PROBLEM TO SOLVE:
Could you restate word for word each line from the top of the listing below through the line containing "Pick n Pay Hypermarket"? Keep the pictures out.

RECORDS FOR THIS TASK:
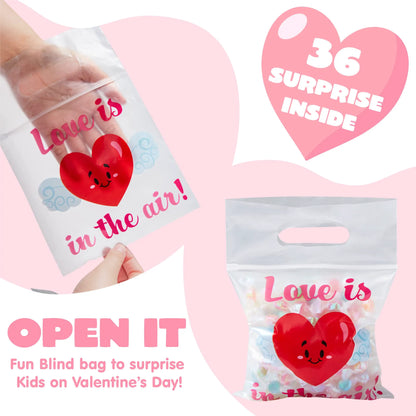 Valentine's Day Cellophane Gift Bags - 36 Pcs, 6 Themed Designs
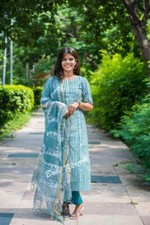 Women's Straight Pure Cotton Batik Printed Kurti Set with Pant  Dupatta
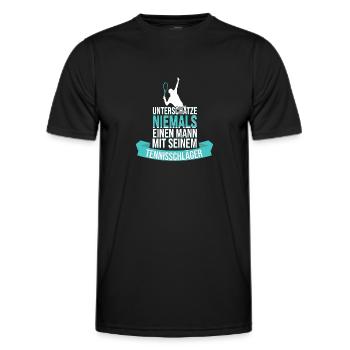 Tennis saying tennis racket funny - Men's Functional T-Shirt - black - Front - AI Model Male 178 dark (178cm)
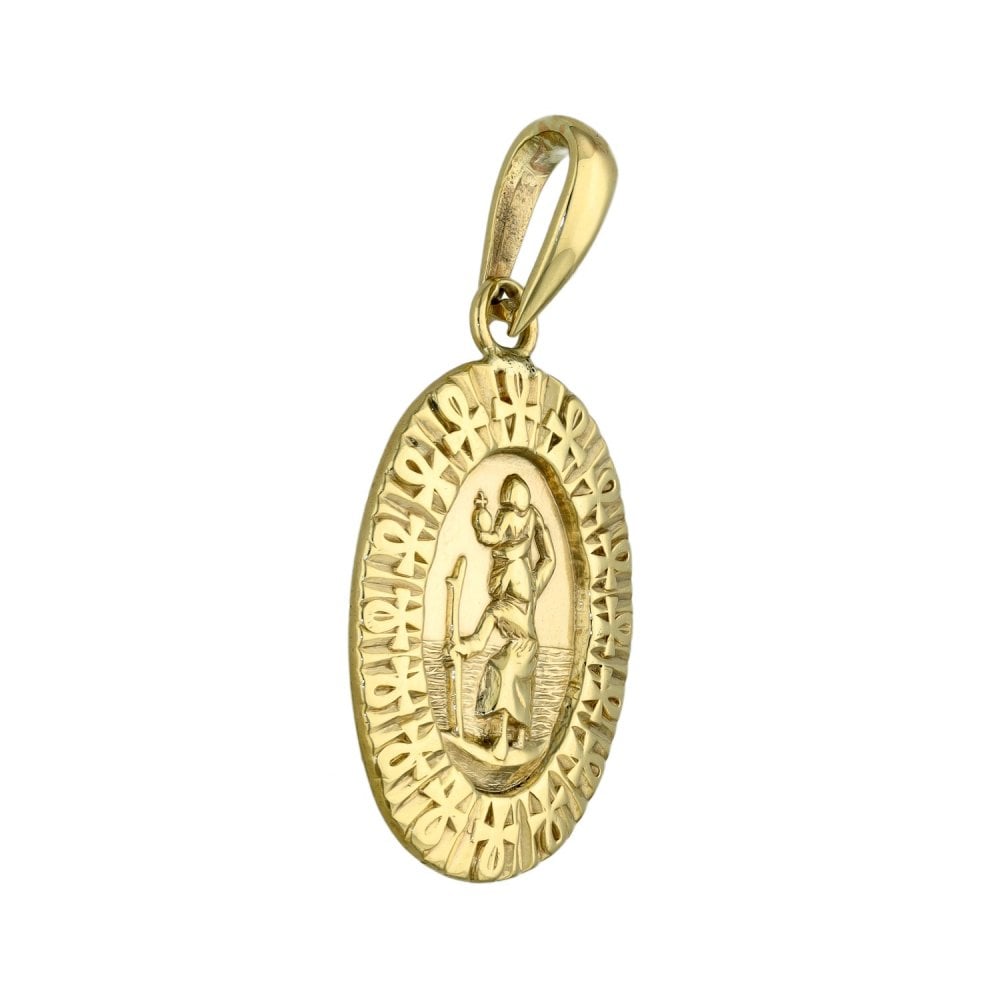 9ct Yellow Gold Oval St. Christopher Pendant - 19x27x2mm - 7.4g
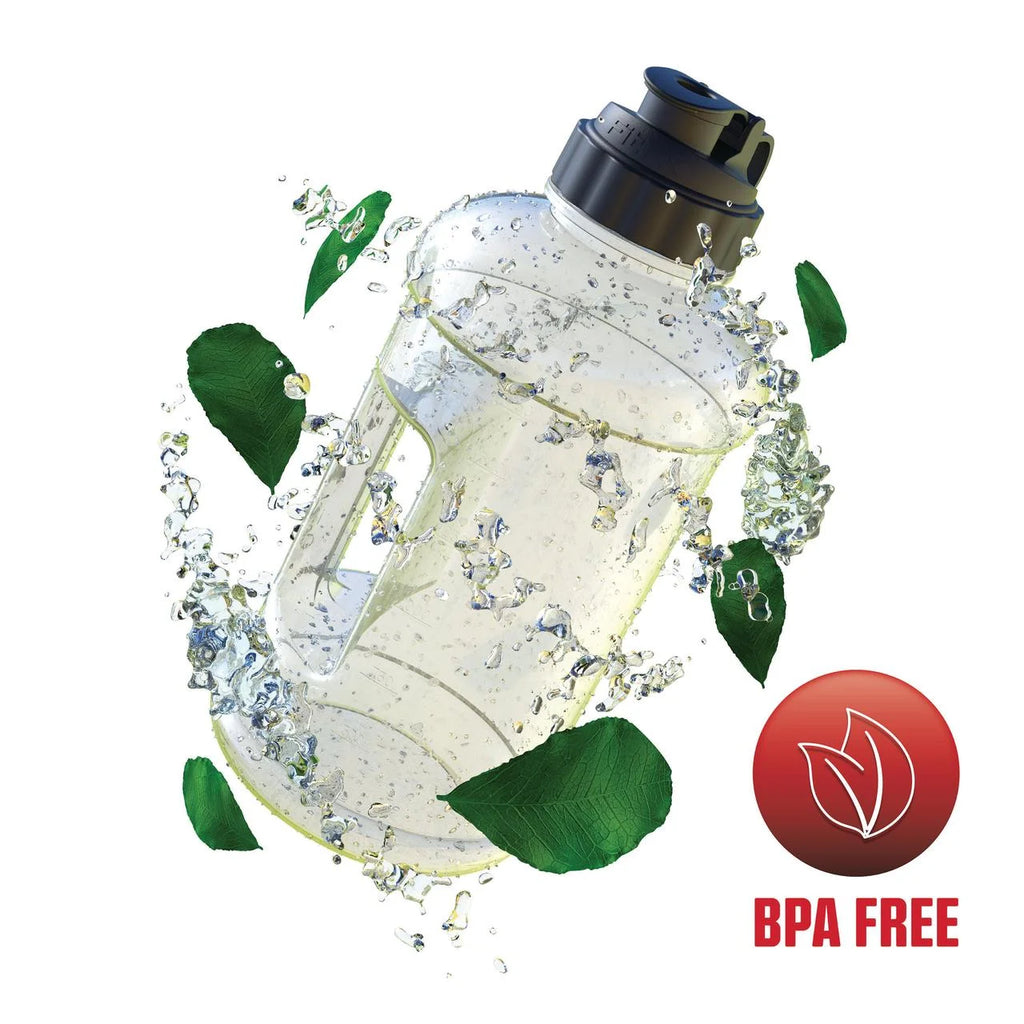 FitRx Voyager Half-Gallon Water Jug – 68 oz Large Reusable Water Bottle with Neoprene Sleeve, Storage Pocket & Carry Strap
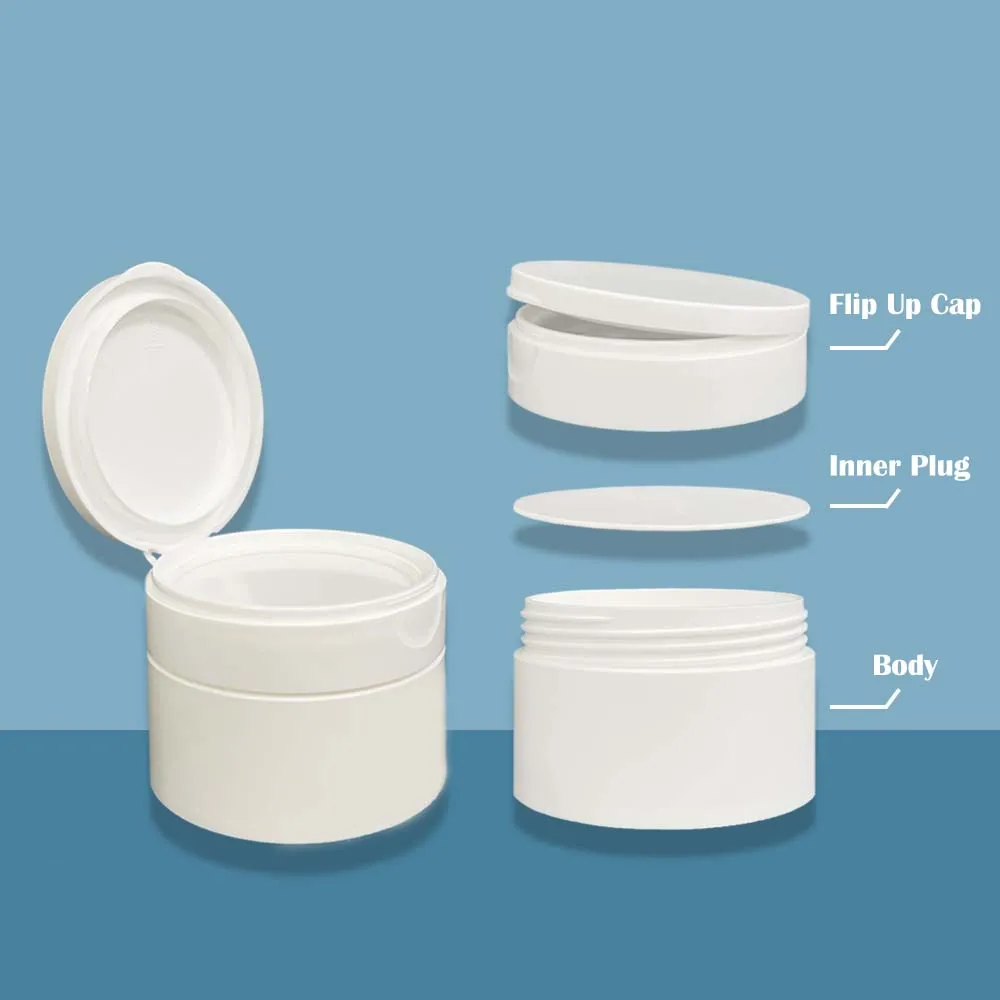 Переработанная полипропиленовая банка кремовая упаковка с откидной крышкой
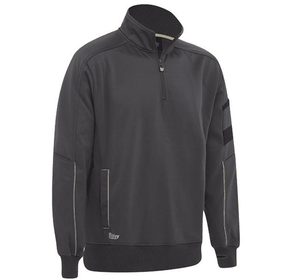 Bisley Workwear Work Fleece 1/4 Zip Front Pullover With Sherpa Lining - Charcoal - UKK6924_BCCGS - Bisley Workwear UK - Trade Counter Direct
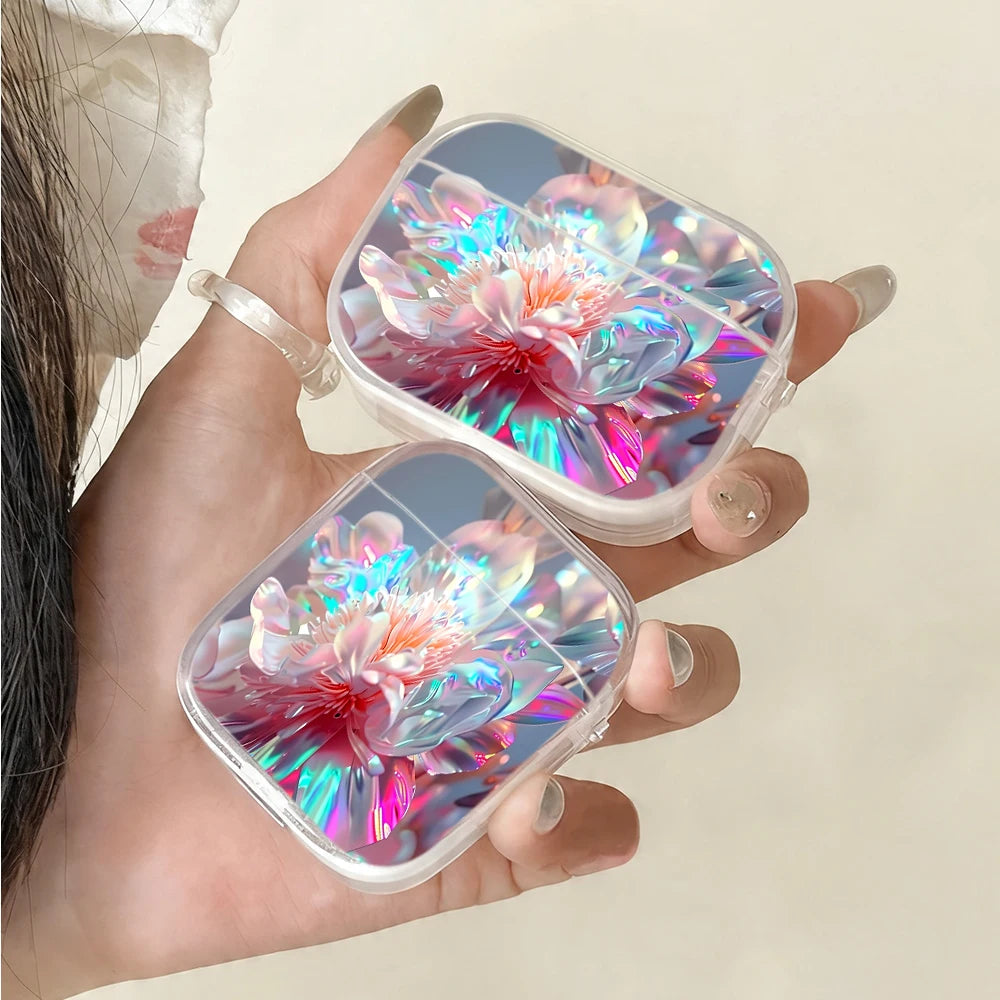Iridescent Peony Flower Protective Case for AirPods 4/3/2/1 Earbuds Case For AirPods Pro3/Pro2/Pro Earphone Cover With Keychain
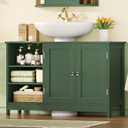 TEENFON 35.4" Pedestal Sink Storage Cabinet with 2 Doors and Adjustable Shelves, Bathroom Sink Cabinet, Under Sink Storage with U-Shape Cut-Out, Green, 35.4"W x 12"D x 23.6"H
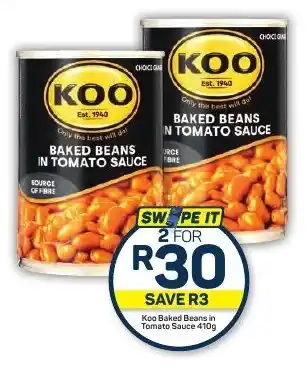 Pick n Pay Hypermarket Koo Baked Beans in Tomato Sauce 410g offer
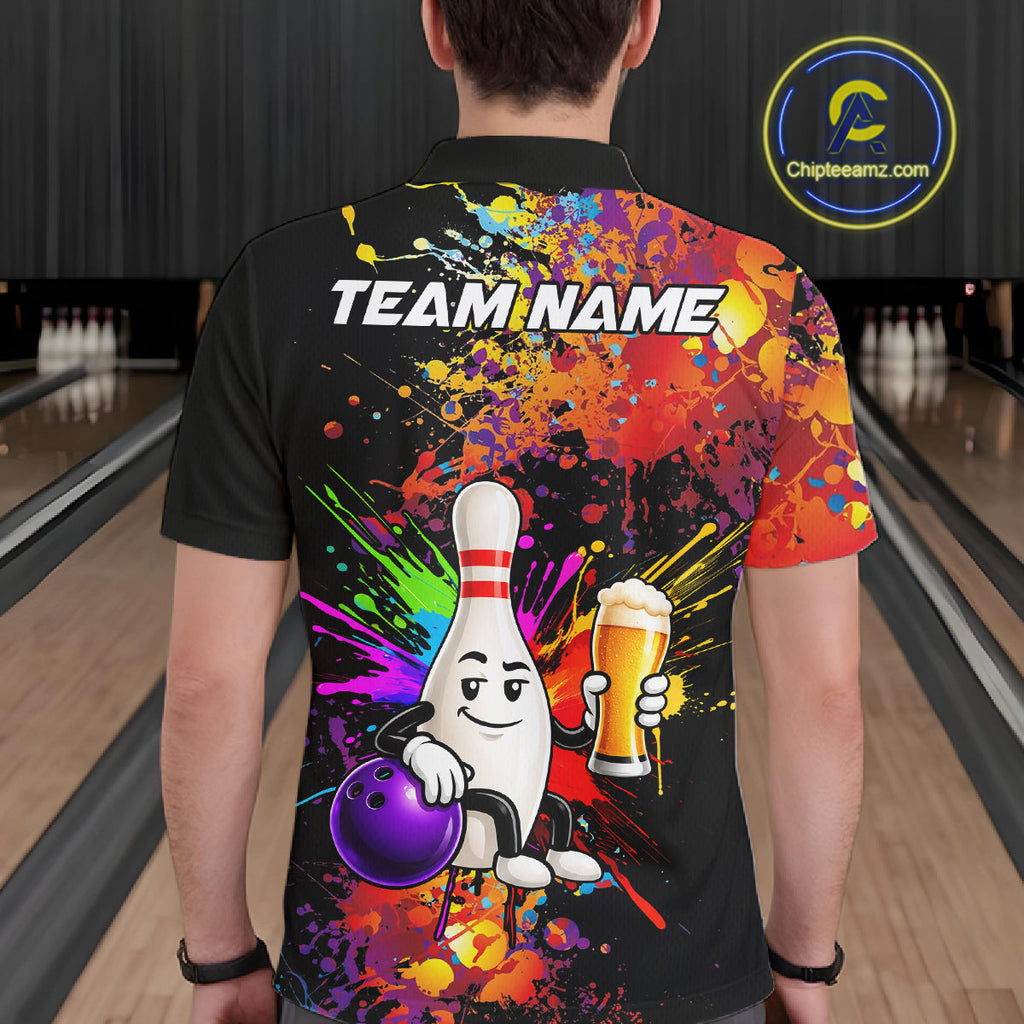 Colorful Splatter Bowling Shirt Funny Beer Pin Splatter Bowling Polo Quarter-Zip Team Uniform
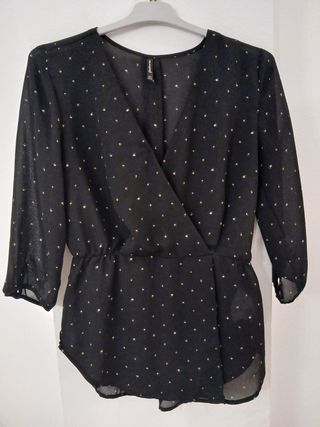 Camisa negra flores - Manga Larga
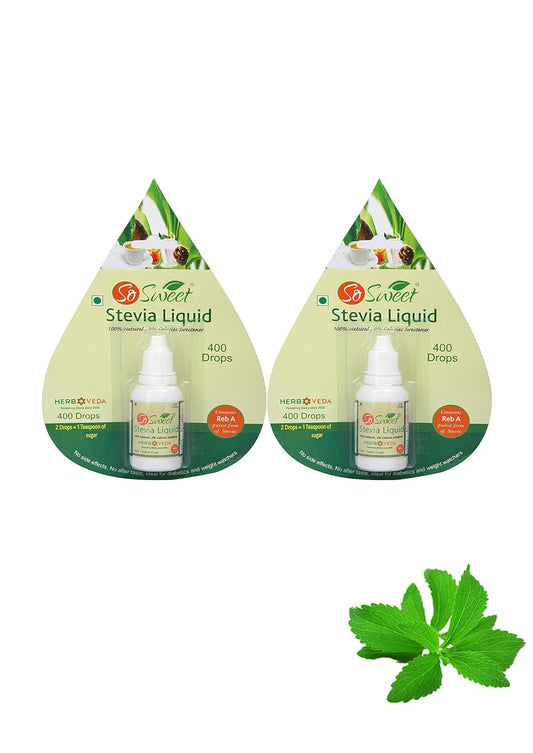 So sweet Stevia Liquid –Pack -2-800 Drops – Natural Sweetener 100% Natural Sweetener for Weight Management -Sugarfree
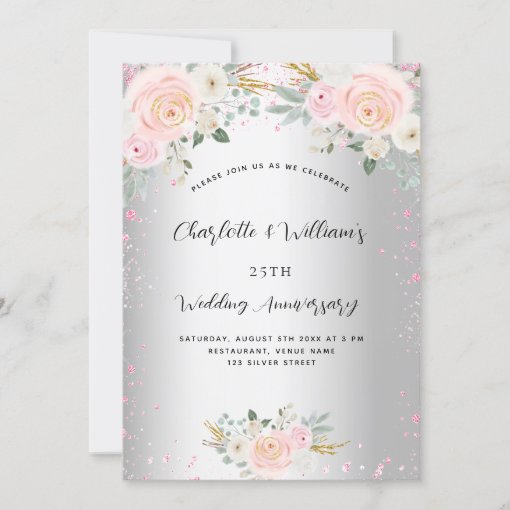 Silver pink floral 25th wedding anniversary invitation | Zazzle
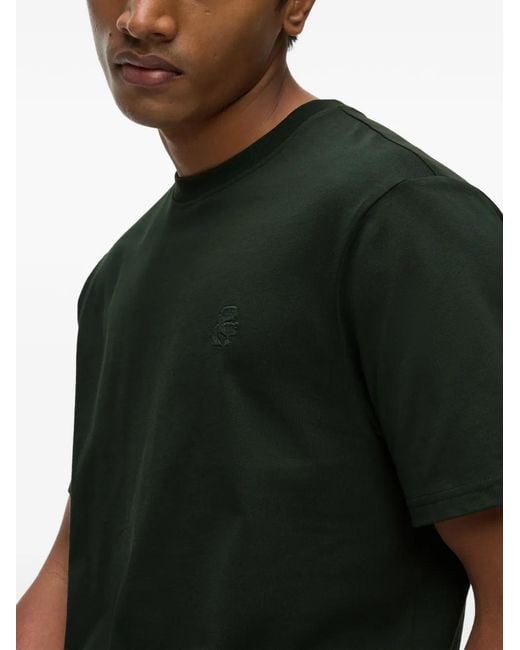 Karl Lagerfeld Green Kameo Logo-Embroidery T-Shirt for men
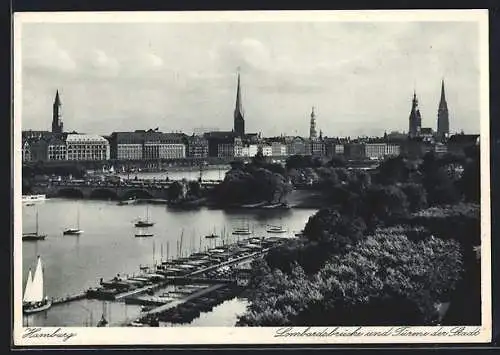 AK Hamburg-Neustadt, Lombardsbrücke und Türme der Stadt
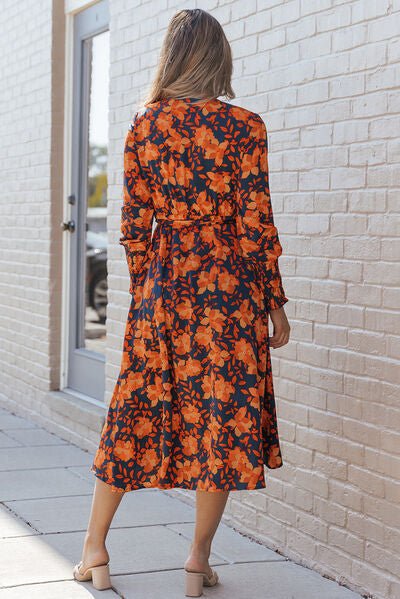 Printed Tie Front Smocked Long Sleeve Dress - Guy Christopher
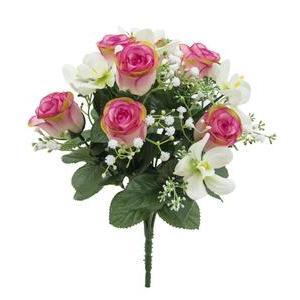 Bouquet de Boutons de roses et orchidées - H 31 cm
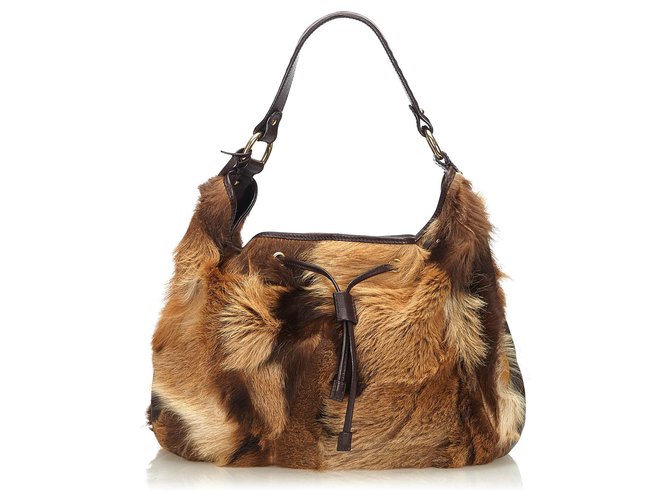 Fendi Brown Fur Drawstring Shoulder Bag Leather  ref.141148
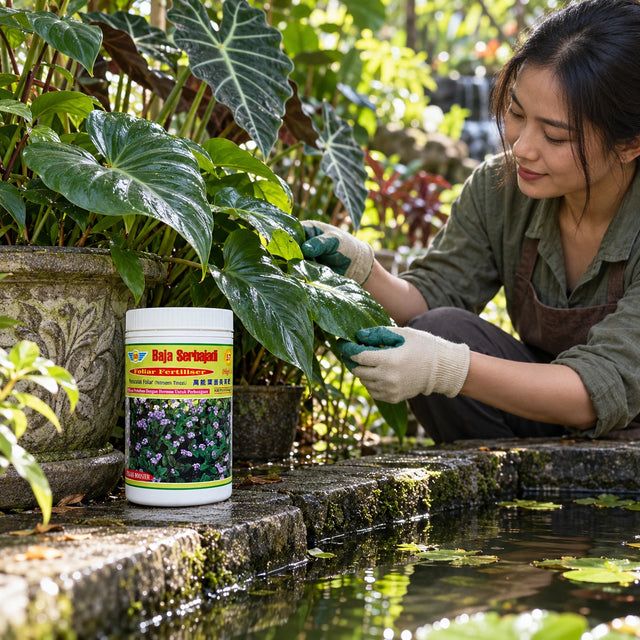 Serbajadi High N Foliage Booster 57 beside a gardener tending foliage plants.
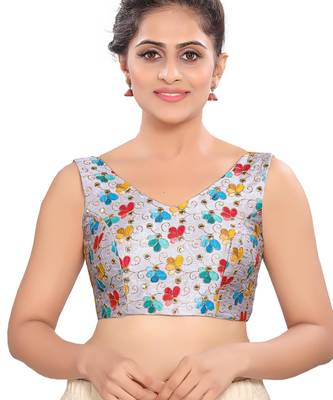 women's mulbury silk blend  padded back open sleeveless saree blouse 1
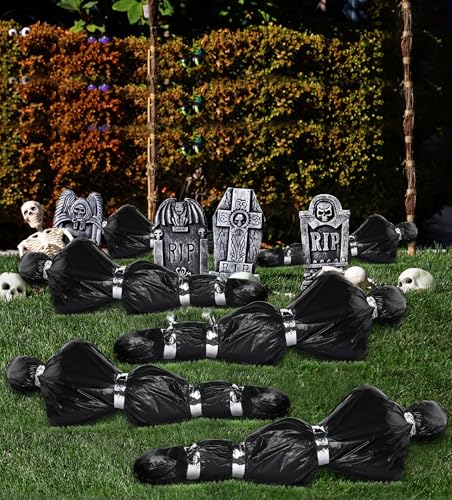 Halloween Decoration Set - 6 Spooky Props with Hanging Ghosts & Accessories, 5FT Outdoor Indoor Decor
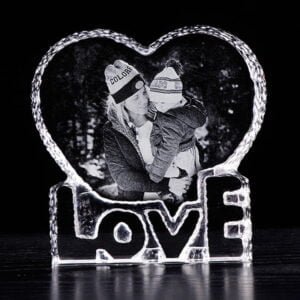 Crystal Heart With Personalized Laser Photo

ANSWER TO THE EXERCISE:
 Valentine's Day Cellophane Gift Bags - 36 Pcs, 6 Themed Designs
 Women's Straight Pure Cotton Batik Printed Kurti Set with Pant  Dupatta
 Tennis saying tennis racket funny - Men's Functional T-Shirt - black - Front - AI Model Male 178 dark (178cm)
 9ct Yellow Gold Oval St. Christopher Pendant - 19x27x2mm - 7.4g
 FitRx Voyager Half-Gallon Water Jug – 68 oz Large Reusable Water Bottle with Neoprene Sleeve, Storage Pocket & Carry Strap
 Переработанная полипропиленовая банка кремовая упаковка с откидной крышкой
 Bisley Workwear Work Fleece 1/4 Zip Front Pullover With Sherpa Lining - Charcoal - UKK6924_BCCGS - Bisley Workwear UK - Trade Counter Direct
Iridescent Peony Flower Protective Case for AirPods 4/3/2/1 Earbuds Case For AirPods Pro3/Pro2/Pro Earphone Cover With Keychain
 TEENFON 35.4" Pedestal Sink Storage Cabinet with 2 Doors and Adjustable Shelves, Bathroom Sink Cabinet, Under Sink Storage with U-Shape Cut-Out, Green, 35.4"W x 12"D x 23.6"H
 Pick n Pay Hypermarket Koo Baked Beans in Tomato Sauce 410g offer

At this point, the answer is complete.